About this task: Reproduce the lines below exactly. Skip images.

[Captioned web image data]
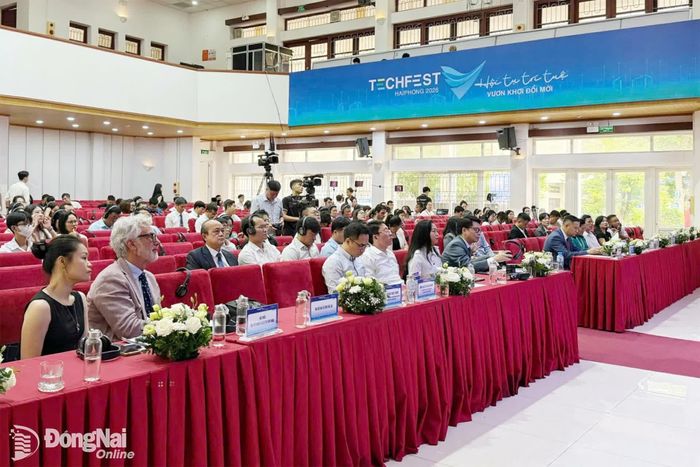 Các đại biểu tham dự hội thảo về đổi mới sáng tạo diễn ra trong khuôn khổ sự kiện Techfest Hai Phong 2026. Ảnh: CTV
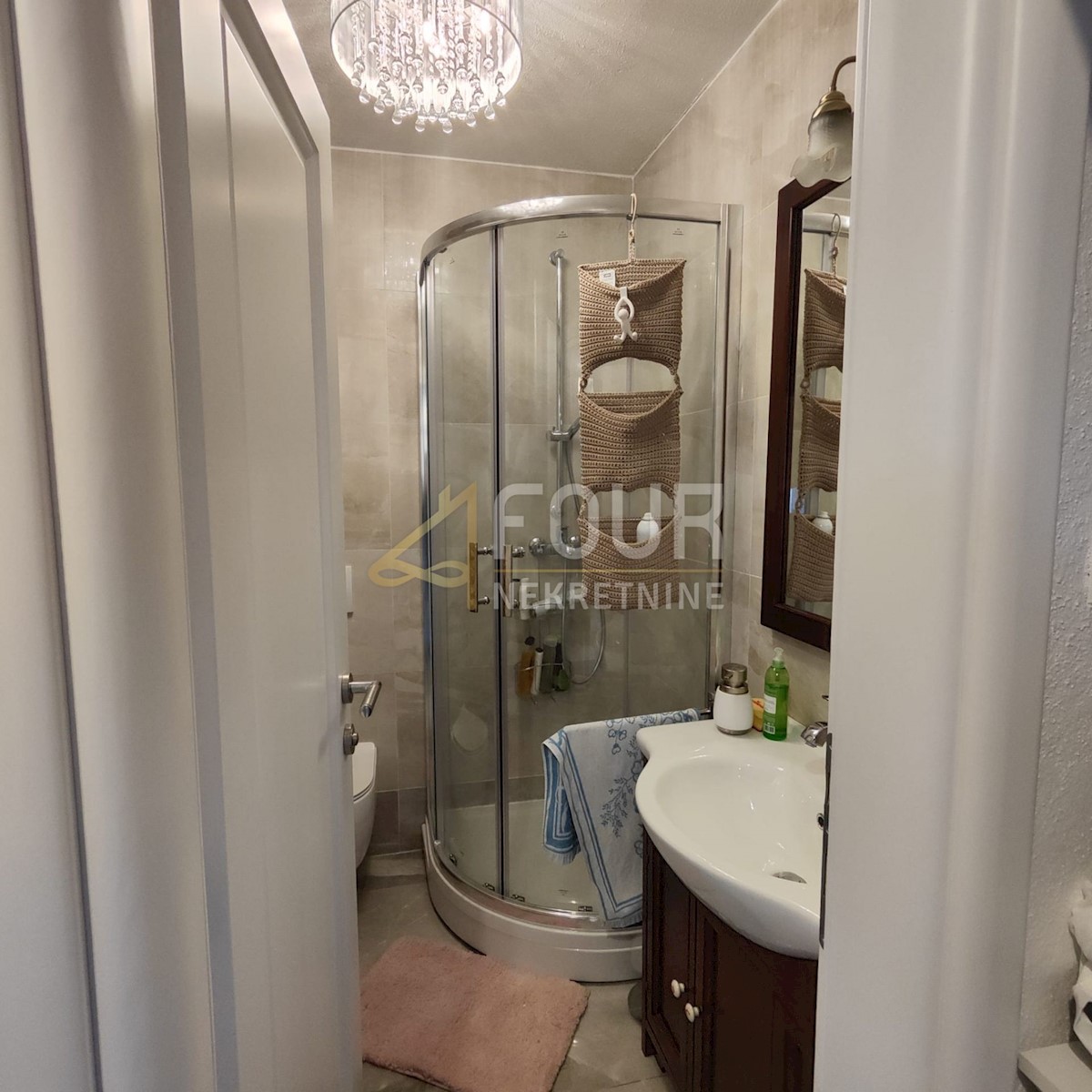 Hiša Omišalj, 54m2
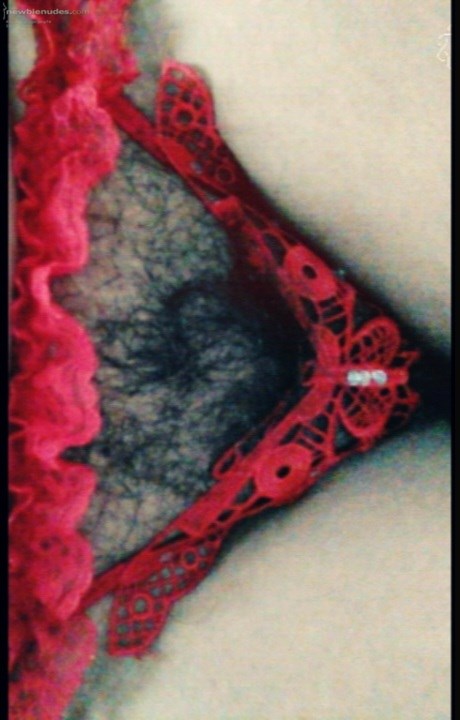 Do u like my ❤️  V  ❤️  Can I test ur  zipper?mmmm 😄 🤣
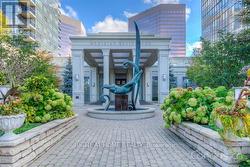 1505 - 15 GREENVIEW AVENUE Toronto, ON M2M 4M7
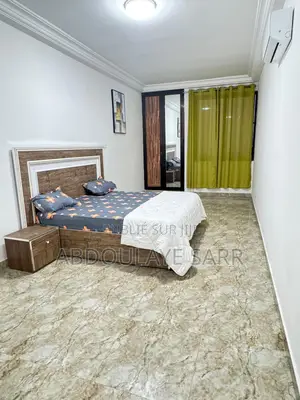 Meublé 3chbre Appartement dans Rijâl Business, Almadies à Louer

Task result:
 Các đại biểu tham dự hội thảo về đổi mới sáng tạo diễn ra trong khuôn khổ sự kiện Techfest Hai Phong 2026. Ảnh: CTV
 Hiša Omišalj, 54m2
 Do u like my ❤️  V  ❤️  Can I test ur  zipper?mmmm 😄 🤣
 1505 - 15 GREENVIEW AVENUE Toronto, ON M2M 4M7
 Meublé 3chbre Appartement dans Rijâl Business, Almadies à Louer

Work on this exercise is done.